The Retrospective Is the Missing Step in Your AI Workflows

Last night a walkthrough from the Claude team, “Stop babysitting your agents”, showed up in my YouTube subscriptions. I watched half of it this morning on the way to work.

It is mostly about orchestration, but one smaller idea followed me off the tram and into the office.

A skill should be able to improve itself.

A skill, and the one I picked

In Claude Code, a skill is a reusable set of instructions for a recurring job, written once in plain language and followed by the agent every time. A checklist with opinions.

One of mine is transcript-analyzer. I record meetings, and it turns the raw transcript into a summary, action items, decisions, and who owns what. It works in passes and checks with me at each step.

It is a decent skill. But making my skills improve themselves was not a new idea. Months ago I wrote a whole post about exactly this: every correction you make in a session holds the before-and-after a skill needs to improve, and almost none of it flows back. I knew all that. It just sat on my todo list. Until this morning.

The experiment: make the skill grade itself

The change was simple enough to try that same morning. What if every run ended with the skill grading its own performance? So I added one step: a retro, in three parts.

Measure. Count how many times I had to correct or redirect the output. That number is the scoreboard, and the point is to drive it down.

Reflect. Look back for friction the skill itself caused: a misleading instruction, a missing step, a wrong assumption.

Propose and apply. For each finding, draft the exact change to the skill file, show it to me, and apply it if I approve.

Reflect carries the guardrail that matters most: a change only counts if the agent can quote the exact moment of friction behind it. Ask an AI to improve something and it always finds something, polish and busywork, because coming back empty-handed feels like failing the task. The quotable-moment rule keeps the retro honest, and most runs rightly end with nothing to change.

Making the retro survive the run

A retro is the last thing the skill does, and the last step of a long run is the easiest to quietly drop. By the time a long transcript is done, the model’s working memory has been summarized down to make room for new detail.

That is context rot: an instruction near the top of the skill thins out on the way to the end. The longer the run, the more likely the retro never happens.

The fix is almost dull. The skill opens every run by writing a task list, the retro as its final item, and works it from the top. That list lives outside the conversation, so it does not decay as the context fills. An unfinished last task keeps nagging until the retro happens: no hard gate, just a checklist that refuses to look done.

What happened on the first real run

Then I used the skill for real on a working-session transcript: decisions, loose ends, promises.

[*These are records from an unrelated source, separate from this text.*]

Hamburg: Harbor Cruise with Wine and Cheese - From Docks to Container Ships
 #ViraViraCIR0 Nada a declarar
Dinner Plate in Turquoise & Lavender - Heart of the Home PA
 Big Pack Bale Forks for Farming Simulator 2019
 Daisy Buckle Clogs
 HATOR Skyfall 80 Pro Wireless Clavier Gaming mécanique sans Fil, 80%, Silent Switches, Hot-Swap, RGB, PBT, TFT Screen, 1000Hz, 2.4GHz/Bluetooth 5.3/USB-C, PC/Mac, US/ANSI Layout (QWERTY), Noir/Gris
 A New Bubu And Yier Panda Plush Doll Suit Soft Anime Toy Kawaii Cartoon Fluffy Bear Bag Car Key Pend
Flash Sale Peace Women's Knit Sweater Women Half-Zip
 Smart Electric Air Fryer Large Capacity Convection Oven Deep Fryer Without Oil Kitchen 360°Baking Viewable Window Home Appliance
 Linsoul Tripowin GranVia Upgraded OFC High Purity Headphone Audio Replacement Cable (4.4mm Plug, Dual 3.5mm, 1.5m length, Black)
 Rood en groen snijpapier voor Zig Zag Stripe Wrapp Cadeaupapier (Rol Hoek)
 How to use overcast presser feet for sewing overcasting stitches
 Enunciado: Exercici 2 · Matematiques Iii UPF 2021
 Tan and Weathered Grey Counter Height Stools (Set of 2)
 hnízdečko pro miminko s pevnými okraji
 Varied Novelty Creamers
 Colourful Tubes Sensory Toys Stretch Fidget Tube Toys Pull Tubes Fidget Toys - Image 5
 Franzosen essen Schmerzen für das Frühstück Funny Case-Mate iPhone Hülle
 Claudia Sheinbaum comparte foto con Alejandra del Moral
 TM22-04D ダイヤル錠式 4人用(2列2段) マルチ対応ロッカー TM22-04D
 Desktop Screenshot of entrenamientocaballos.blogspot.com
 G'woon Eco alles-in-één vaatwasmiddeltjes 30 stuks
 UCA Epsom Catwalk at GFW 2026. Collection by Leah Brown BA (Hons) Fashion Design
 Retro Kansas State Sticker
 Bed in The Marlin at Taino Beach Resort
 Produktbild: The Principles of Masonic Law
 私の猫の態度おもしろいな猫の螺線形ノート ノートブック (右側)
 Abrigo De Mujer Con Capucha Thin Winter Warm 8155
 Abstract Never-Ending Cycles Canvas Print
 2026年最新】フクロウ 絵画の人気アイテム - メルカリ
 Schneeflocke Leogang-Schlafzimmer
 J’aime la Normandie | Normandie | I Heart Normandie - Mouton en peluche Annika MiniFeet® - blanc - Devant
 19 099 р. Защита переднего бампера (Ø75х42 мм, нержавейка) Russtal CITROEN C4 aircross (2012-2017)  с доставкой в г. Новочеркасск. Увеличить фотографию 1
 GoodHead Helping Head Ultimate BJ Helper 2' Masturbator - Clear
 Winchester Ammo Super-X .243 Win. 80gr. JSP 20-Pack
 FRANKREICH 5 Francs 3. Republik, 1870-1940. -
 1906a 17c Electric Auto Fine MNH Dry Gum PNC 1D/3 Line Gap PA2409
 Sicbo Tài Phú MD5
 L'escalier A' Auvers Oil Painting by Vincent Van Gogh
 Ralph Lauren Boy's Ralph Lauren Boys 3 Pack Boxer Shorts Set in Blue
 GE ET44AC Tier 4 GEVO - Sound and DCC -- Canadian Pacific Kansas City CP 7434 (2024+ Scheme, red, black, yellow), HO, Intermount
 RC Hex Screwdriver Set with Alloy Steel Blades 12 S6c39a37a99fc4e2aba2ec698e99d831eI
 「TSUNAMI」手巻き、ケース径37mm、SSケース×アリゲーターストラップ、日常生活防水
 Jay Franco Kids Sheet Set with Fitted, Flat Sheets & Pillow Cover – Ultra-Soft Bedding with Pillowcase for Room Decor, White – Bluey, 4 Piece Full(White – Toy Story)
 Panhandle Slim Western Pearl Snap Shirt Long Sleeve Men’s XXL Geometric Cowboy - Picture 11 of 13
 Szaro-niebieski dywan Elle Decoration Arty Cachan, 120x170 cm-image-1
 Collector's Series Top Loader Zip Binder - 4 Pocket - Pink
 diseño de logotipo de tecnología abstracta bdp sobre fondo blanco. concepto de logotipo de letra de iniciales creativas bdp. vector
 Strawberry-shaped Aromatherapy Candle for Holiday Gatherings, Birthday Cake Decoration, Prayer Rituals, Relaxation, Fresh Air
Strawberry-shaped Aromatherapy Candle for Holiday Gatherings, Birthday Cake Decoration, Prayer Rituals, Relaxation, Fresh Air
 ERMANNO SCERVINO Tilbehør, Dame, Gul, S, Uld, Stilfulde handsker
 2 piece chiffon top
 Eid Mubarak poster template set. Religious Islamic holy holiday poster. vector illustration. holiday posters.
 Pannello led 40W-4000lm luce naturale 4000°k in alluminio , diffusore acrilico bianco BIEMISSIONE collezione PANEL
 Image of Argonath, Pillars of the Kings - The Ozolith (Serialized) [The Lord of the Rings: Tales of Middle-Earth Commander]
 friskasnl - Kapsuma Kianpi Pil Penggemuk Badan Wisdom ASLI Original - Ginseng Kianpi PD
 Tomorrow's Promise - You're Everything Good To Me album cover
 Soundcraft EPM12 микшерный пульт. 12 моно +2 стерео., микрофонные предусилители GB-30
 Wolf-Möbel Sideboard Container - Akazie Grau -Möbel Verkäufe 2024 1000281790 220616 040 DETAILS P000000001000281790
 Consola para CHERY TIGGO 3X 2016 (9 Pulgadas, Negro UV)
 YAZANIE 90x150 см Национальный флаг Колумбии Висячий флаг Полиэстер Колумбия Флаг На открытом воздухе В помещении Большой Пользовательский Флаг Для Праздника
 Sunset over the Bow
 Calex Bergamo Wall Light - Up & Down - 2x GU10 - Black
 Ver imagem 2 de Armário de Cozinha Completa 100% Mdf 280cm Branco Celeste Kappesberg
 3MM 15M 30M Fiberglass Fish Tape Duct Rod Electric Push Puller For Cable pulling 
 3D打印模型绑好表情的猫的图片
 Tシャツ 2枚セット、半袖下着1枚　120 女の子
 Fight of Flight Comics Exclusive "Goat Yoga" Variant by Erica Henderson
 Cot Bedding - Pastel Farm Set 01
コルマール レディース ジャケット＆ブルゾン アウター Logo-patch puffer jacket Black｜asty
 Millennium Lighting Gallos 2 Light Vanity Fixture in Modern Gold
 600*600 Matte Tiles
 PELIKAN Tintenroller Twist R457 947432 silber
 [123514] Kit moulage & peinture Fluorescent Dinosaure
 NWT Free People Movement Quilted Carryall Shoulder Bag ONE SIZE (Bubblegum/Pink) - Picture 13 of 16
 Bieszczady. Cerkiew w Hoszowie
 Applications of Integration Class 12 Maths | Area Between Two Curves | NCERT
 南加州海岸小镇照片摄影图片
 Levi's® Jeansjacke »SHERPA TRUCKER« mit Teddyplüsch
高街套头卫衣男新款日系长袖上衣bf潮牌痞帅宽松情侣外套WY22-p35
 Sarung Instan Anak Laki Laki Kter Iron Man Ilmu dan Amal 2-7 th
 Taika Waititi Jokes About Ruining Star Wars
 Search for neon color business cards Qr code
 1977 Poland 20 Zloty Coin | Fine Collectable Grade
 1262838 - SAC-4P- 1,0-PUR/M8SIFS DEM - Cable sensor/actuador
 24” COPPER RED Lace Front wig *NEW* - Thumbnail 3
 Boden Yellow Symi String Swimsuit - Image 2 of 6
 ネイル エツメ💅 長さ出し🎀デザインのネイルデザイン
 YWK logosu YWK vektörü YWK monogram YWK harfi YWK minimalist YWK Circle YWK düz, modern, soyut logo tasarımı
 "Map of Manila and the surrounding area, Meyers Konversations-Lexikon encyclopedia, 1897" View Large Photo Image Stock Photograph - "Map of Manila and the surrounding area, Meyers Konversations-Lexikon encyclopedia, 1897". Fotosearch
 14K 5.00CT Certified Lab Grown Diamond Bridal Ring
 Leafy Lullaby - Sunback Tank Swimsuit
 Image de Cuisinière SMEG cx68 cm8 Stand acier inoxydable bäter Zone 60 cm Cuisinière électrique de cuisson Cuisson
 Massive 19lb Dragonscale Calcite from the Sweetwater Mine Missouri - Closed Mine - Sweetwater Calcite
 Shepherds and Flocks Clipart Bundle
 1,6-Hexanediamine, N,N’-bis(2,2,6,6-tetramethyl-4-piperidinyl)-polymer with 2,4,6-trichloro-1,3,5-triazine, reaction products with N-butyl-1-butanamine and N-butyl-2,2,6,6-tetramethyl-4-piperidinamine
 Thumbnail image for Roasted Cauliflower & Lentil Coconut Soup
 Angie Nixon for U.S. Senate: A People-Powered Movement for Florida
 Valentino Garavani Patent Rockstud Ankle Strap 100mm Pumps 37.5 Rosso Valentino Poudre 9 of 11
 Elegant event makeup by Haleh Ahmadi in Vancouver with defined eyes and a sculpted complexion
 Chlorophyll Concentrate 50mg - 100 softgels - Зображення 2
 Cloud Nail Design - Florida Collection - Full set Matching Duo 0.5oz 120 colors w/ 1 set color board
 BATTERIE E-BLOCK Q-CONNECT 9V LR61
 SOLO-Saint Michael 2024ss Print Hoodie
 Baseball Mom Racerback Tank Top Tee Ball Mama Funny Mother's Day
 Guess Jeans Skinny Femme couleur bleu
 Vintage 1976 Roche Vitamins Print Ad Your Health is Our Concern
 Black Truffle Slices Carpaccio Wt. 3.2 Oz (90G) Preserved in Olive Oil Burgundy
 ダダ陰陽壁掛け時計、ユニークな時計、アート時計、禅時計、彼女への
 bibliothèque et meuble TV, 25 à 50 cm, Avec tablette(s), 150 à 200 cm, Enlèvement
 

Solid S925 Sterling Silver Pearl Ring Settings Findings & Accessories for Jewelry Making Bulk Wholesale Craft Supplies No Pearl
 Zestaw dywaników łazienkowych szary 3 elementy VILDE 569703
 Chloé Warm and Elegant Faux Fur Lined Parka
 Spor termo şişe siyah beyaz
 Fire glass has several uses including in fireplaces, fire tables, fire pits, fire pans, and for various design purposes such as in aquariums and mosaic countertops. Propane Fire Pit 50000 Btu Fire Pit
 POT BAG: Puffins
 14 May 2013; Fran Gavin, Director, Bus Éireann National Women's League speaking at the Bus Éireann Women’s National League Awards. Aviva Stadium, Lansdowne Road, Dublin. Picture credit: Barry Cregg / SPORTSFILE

The analysis went fine. Then the retro ran, and the scoreboard came back: eight. I had corrected the agent eight times in one run.

Eight is a lot, but the count is not the interesting part. What the retro did with it is.

Five of those eight had the same root cause

The retro grouped the corrections and found that five of the eight were the same mistake wearing different clothes.

The skill had been treating the transcript as the only source of truth. It wrote down whatever the transcript said, even when better, more current information was one query away.

Two examples, kept generic:

The transcript had someone returning from leave “Monday or Tuesday.” I wrote “Monday or Tuesday.” The team wiki had the exact date.
I described the work board from what people said in the meeting. The issue tracker had the real state, which had moved on since.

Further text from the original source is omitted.